The DHS Program User Forum
Discussions regarding The DHS Program data and results
Home » Countries » India » Weighting variables in DHS India data (1992 and 1998)
Re: Weighting variables in DHS India data (1992 and 1998) [message #8172 is a reply to message #8168] Tue, 01 September 2015 12:41 Go to previous messageGo to previous message
Bridgette-DHS is currently offline  Bridgette-DHS
Messages: 3199
Registered: February 2013
Senior Member
Here is another response from Tom Pullum:

Sampling weights are inflation or deflation factors that have an average value of 1. DHS moves the decimal point six places to the right, that is, multiplies the weight by 1,000,000 (one million). Thus "1148330" is actually "1.148330". The reason for doing this is the same as the reason why percents have a factor of 100, fertility and mortality rates often have a factor of 1000, and maternal mortality rates have a factor of 100,000. It's just to have many significant digits without having to worry (or worry very much) about a decimal point. A weight of 1.148330 for each child in the cluster just means that that the probability that a child in that cluster would appear in the sample was a little less than the average for the whole country, and therefore, to compensate, those children get a weight greater than 1. It doesn't really have anything to do with the population of the district. It is impossible, just from the weights, to estimate the population at any level of aggregation.

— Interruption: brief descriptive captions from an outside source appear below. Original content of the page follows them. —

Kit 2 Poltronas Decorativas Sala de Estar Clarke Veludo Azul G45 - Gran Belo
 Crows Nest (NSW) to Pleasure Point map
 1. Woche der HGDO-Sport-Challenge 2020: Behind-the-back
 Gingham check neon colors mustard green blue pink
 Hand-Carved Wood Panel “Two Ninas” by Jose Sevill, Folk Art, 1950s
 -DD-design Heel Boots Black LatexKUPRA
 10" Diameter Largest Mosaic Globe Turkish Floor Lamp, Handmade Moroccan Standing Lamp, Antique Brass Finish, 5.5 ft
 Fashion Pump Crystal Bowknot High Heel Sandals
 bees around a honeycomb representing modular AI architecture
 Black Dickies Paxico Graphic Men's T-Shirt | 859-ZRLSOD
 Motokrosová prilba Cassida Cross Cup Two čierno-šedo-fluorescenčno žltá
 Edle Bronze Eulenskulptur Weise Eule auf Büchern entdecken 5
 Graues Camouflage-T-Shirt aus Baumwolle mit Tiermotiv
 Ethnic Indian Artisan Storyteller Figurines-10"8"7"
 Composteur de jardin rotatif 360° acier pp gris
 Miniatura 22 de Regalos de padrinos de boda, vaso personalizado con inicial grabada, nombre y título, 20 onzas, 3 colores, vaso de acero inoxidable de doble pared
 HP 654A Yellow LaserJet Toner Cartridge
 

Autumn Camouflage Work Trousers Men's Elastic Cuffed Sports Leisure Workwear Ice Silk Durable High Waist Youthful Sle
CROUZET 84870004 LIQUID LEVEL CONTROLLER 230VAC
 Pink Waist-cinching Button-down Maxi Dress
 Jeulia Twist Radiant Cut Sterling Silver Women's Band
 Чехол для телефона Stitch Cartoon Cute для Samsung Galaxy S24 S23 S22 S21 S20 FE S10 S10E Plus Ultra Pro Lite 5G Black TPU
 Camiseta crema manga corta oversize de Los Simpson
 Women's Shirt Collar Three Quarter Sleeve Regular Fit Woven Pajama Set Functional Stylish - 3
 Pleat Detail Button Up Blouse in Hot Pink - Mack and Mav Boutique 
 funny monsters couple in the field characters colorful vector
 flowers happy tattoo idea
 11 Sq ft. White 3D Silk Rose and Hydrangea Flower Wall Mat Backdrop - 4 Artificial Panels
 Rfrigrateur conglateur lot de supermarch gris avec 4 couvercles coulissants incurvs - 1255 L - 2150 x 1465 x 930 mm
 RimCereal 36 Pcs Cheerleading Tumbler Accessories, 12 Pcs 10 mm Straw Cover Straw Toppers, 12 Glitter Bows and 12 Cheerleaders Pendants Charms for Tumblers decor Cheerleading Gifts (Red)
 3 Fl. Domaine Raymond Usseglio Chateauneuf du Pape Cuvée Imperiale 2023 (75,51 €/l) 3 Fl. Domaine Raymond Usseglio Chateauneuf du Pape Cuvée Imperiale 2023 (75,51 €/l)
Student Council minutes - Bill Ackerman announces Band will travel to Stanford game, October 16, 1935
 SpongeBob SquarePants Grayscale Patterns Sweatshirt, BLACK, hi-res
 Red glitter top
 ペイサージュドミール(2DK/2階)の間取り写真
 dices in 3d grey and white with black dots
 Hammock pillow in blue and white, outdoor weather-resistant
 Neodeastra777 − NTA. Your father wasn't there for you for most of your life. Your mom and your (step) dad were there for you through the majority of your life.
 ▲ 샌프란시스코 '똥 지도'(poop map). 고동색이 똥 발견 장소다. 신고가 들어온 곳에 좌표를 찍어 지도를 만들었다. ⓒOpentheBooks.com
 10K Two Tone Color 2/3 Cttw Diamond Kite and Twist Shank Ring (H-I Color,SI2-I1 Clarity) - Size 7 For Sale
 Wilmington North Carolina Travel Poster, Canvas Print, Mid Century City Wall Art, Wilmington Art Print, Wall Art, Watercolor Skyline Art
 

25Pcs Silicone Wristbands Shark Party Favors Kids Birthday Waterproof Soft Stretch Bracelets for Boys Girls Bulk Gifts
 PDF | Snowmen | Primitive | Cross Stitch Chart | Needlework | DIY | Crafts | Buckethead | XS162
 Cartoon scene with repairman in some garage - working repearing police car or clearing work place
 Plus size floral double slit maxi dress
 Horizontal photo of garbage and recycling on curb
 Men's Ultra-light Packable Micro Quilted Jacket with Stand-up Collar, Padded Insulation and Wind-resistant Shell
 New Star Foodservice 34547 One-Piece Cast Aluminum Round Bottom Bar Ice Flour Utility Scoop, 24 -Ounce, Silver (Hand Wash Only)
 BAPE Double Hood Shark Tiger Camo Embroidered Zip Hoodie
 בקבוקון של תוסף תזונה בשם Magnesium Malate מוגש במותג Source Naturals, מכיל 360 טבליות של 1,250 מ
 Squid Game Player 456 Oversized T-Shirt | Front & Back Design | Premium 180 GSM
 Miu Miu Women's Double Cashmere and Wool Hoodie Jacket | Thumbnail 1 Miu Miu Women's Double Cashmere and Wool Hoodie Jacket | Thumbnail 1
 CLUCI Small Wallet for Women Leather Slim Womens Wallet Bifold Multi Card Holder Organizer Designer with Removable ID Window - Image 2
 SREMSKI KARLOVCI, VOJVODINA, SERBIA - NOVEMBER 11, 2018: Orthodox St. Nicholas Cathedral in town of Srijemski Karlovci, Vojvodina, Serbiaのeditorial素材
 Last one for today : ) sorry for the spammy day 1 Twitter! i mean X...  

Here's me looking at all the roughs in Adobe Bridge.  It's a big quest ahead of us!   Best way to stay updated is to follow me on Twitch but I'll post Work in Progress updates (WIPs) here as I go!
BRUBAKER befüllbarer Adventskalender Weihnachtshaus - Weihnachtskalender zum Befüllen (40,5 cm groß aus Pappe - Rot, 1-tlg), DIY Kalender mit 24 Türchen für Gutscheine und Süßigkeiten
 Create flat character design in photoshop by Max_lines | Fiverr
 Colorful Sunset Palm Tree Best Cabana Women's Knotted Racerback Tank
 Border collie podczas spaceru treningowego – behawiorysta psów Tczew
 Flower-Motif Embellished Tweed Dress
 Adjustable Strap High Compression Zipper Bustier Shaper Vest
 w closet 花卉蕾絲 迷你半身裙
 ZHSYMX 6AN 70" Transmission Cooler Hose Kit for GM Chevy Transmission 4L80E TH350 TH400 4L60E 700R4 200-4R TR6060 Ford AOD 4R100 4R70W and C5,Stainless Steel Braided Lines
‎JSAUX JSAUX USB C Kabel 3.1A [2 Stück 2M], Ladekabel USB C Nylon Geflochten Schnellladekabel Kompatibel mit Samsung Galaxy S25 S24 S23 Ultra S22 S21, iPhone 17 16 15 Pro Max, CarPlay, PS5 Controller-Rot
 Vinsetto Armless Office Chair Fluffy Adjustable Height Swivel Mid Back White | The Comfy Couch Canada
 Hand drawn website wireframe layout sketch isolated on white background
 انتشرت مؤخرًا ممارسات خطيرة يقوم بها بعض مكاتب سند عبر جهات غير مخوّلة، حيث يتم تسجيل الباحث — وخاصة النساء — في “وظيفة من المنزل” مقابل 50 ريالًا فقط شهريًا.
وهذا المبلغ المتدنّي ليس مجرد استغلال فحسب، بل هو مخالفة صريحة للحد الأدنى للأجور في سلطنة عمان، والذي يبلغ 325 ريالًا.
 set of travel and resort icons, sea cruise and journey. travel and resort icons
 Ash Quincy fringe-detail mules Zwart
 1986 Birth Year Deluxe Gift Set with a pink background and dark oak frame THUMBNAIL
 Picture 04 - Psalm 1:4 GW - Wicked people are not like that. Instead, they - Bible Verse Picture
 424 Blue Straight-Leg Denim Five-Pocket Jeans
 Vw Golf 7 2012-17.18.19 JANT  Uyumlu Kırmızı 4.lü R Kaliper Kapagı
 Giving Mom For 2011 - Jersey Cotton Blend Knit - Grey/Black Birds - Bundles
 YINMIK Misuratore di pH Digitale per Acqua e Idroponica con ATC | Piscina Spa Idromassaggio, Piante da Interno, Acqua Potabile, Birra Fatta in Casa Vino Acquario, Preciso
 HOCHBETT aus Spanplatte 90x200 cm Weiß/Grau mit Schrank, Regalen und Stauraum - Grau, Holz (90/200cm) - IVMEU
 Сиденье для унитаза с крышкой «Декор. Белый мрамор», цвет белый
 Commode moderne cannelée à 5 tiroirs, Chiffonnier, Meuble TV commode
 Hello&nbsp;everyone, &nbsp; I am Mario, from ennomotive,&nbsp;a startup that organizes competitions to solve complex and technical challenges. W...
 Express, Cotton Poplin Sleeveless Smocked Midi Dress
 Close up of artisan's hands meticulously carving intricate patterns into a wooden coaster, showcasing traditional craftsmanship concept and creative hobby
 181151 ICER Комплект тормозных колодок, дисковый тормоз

When you collapse, you are usually calculating a mean. For example, if you wanted to calculate the mean of some variable x in the district, you would use "collapse (mean) x [iweight=v005/1000000]" . This would give you an estimate of the mean of x in the district, corrected or adjusted for the weights. If you did not use the weights, the mean of x would be biased toward the oversampled children. (With collapse, the default is the mean, so you would get the same thing with just "collapse x [iweight=v005/1000000]".)

I don't know what you are doing with "collapse(rawsum)v005/1000000 , by (district)". You have omitted something, and I don't just mean spaces.

"(rawsum)" indicates a sum, not a mean, and it ignores the weights. I think "sum" is the only statistic that can be prefaced by "raw". There is no "rawmean", for example.

I think you may be making this more complicated than necessary. I would say that you need to use the weights for any collapses and for any estimation commands. Avoid having the numbers come out 1,000,000 times larger than they should be. That's all.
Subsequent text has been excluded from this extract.